Expanded Terms

The terms introduced in this section provide additional ways to describe the provenance among Entities, Activities, and Agents. The additional terms are illustrated in the following figure and can be separated into five different categories.

PROV-O Starting Point terms
Figure 3. The expanded terms build upon those in the Starting Points section.
The diagrams in this document depict Entities as yellow ovals, Activities as blue rectangles, and Agents as orange pentagons.
The domain of prov:atLocation (prov:Activity or prov:Entity or prov:Agent or prov:InstantaneousEvent) is not illustrated.

The first category extends the Starting Point terms with subclasses, subproperties, and a superproperty.

Three subclasses of Agent (prov:Person, prov:Organization, and prov:SoftwareAgent) and three subclasses of Entity are provided (prov:Collection, prov:Bundle, and prov:Plan).

A prov:Collection is an Entity that provides a structure (e.g. set, list, etc.) to some constituents (which are themselves Entities). The prov:Collection class can be used to express the provenance of the collection itself: e.g. who maintained the collection, which members it contained as it evolved, and how it was assembled. The prov:hadMember property is used to assert membership in a collection.

A prov:Bundle is a named set of provenance descriptions, which may itself have provenance. The named set of provenance descriptions may be expressed as PROV-O or any other form. The subclass of Bundle that names a set of PROV-O assertions is not provided by PROV-O, since it is more appropriate to do so using other recommendations, standards, or technologies. In any case, a Bundle of PROV-O assertions is an abstract set of RDF triples, and adding or removing a triple creates a new distinct Bundle of PROV-O assertions.

A prov:Plan is an entity that represents a set of actions or steps intended by one or more agents to achieve some goals.

More general and more specific properties are also provided by the expanded terms. More generally, the property prov:wasInfluencedBy is a superproperty that relates any influenced Entity, Activity, or Agent to any other influencing Entity, Activity, or Agent that had an effect on its characteristics. Three subproperties of prov:wasDerivedFrom are also provided for certain kinds of derivation among Entities: prov:wasQuotedFrom cites a potentially larger Entity (such as a book, blog, or image) from which a new Entity was created by repeating some or all of the original, prov:wasRevisionOf indicates that the derived Entity contains substantial content from the original Entity (e.g., two editions of a book), and prov:hadPrimarySource cites a preceding Entity produced by some agent with direct experience and knowledge about the topic (such as a reading from a sensor, or a journal written during an historical event).

The second category of expanded terms relates Entities according to their levels of abstraction, where some Entities may present more specific aspects than their more general counterparts.
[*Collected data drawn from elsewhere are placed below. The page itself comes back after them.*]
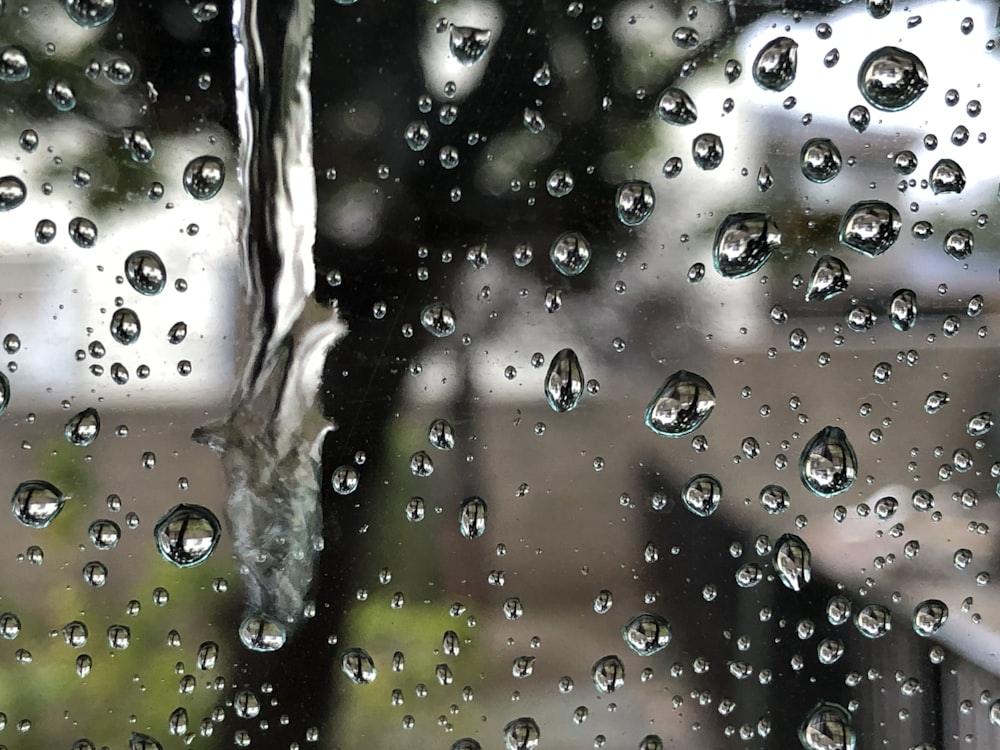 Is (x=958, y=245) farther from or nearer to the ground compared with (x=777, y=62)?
nearer to the ground

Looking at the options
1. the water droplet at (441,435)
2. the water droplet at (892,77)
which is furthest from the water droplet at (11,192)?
the water droplet at (892,77)

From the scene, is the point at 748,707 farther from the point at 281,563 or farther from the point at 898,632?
the point at 281,563

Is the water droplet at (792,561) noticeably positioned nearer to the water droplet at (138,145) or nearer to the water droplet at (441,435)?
the water droplet at (441,435)

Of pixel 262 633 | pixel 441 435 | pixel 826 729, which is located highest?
pixel 441 435

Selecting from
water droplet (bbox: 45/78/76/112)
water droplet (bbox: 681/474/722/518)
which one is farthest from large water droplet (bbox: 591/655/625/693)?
water droplet (bbox: 45/78/76/112)

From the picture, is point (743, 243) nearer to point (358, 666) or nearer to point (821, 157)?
point (821, 157)

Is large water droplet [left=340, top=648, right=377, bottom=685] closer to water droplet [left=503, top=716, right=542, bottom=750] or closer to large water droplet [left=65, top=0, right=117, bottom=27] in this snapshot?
water droplet [left=503, top=716, right=542, bottom=750]

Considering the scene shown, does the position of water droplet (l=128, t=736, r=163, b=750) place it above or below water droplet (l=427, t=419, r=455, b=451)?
below

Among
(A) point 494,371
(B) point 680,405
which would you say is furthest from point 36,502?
(B) point 680,405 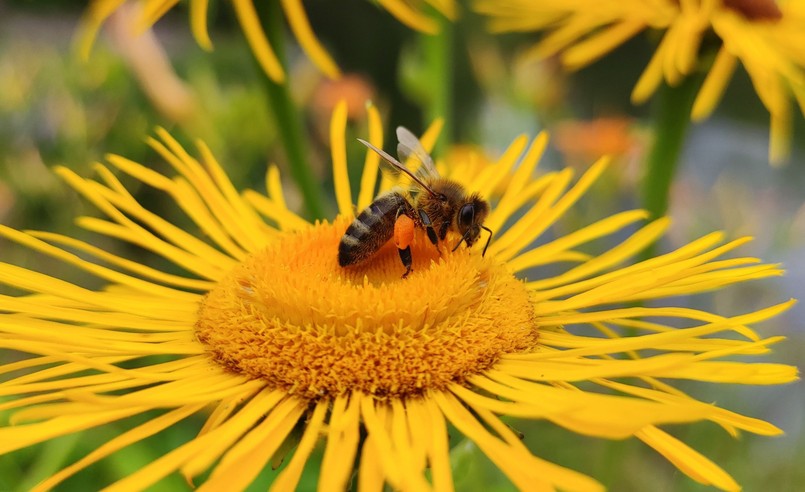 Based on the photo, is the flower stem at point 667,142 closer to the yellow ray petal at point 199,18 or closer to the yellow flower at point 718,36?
the yellow flower at point 718,36

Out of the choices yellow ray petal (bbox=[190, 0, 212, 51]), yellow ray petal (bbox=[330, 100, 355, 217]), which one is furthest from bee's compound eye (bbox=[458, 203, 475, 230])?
yellow ray petal (bbox=[190, 0, 212, 51])

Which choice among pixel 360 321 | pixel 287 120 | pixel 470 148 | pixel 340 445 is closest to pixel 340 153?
pixel 287 120

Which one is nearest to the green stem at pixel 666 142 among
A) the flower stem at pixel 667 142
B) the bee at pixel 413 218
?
the flower stem at pixel 667 142

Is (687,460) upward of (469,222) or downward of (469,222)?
downward

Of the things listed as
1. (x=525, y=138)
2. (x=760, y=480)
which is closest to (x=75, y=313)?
(x=525, y=138)

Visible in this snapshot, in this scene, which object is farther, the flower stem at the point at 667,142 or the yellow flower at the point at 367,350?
the flower stem at the point at 667,142

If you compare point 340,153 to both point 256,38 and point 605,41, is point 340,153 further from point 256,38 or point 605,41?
point 605,41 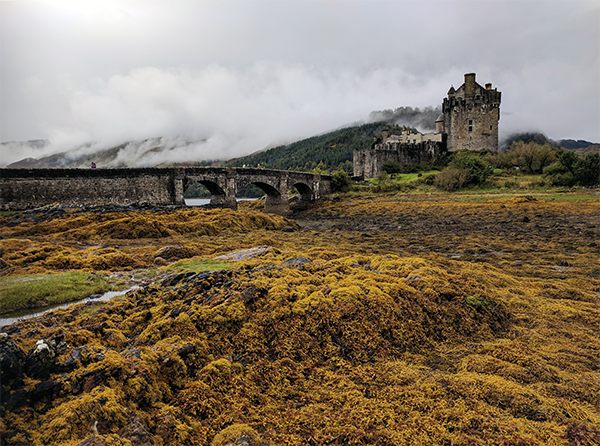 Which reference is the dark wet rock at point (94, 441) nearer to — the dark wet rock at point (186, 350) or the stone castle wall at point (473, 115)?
the dark wet rock at point (186, 350)

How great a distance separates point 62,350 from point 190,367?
5.76ft

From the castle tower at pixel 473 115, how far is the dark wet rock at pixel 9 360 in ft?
238

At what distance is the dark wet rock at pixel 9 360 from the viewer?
3570 mm

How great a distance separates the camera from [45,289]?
8.09 meters

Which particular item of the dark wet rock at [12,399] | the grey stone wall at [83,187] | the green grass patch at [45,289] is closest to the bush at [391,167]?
the grey stone wall at [83,187]

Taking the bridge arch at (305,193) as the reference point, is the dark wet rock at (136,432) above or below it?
below

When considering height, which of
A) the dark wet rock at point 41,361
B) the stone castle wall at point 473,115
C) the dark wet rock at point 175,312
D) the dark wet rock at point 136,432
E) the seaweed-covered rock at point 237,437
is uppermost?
the stone castle wall at point 473,115

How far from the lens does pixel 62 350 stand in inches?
175

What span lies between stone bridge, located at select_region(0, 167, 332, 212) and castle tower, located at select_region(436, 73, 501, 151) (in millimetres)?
41968

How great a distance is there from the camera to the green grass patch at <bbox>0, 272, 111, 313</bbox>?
7.59 metres

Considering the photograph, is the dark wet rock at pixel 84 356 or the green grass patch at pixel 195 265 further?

While prov:specializationOf links a more specific Entity to a more general one (e.g., today's BBC news home page versus BBC's news home page on any day), prov:alternateOf links Entities that present aspects of the same thing, but not necessarily the same aspects or at the same time (e.g., the serialization of a document in different formats or a backup copy of a computer file).

The third category of expanded terms allows further description of Entities. The property prov:value provides a literal value that is a direct representation of an entity. For example, the prov:value of a quote could be a string of the sentences stated, or the prov:value of an Entity involved in a numeric calculation could be the xsd:integer four. The property prov:atLocation can be used to describe the prov:Location of any Entity, Activity, Agent, or prov:InstantaneousEvent (i.e., the starting or ending of an activity or the generation, usage, or invalidation of an entity). The properties used to describe instances of prov:Location are outside the scope of PROV-O; reuse of other existing vocabulary is encouraged.

The fourth category of expanded terms describes the lifetime of an Entity beyond being generated by an Activity and used by other Activities. For example, a painting could not have been displayed before it was painted, and it could not be sold after it was destroyed by fire. Similar to how Activities have start and end times, an Entity may be bound by points in time for which it was generated or is no longer usable. The properties prov:generatedAtTime and prov:invalidatedAtTime can be used to bound the starting and ending moments of an Entity's existence. The Activities that led to the generation or invalidation of an Entity can be provided using prov:wasGeneratedBy and prov:wasInvalidatedBy, respectively. prov:generated and prov:invalidated are the inverses of prov:wasGeneratedBy and prov:wasInvalidatedBy, respectively, and are defined to facilitate Activity-as-subject as well as Entity-as-subject descriptions. For more about inverses, see the Appendix B.

The fifth category of expanded terms describes the lifetime of an Activity beyond its start and end times and predecessor Activities. Activities may also be started or ended by Entities, which are described using the properties prov:wasStartedBy and prov:wasEndedBy, respectively. Since Entities may start or end Activities, and Agents may be Entities, then Agents may also start or end Activities.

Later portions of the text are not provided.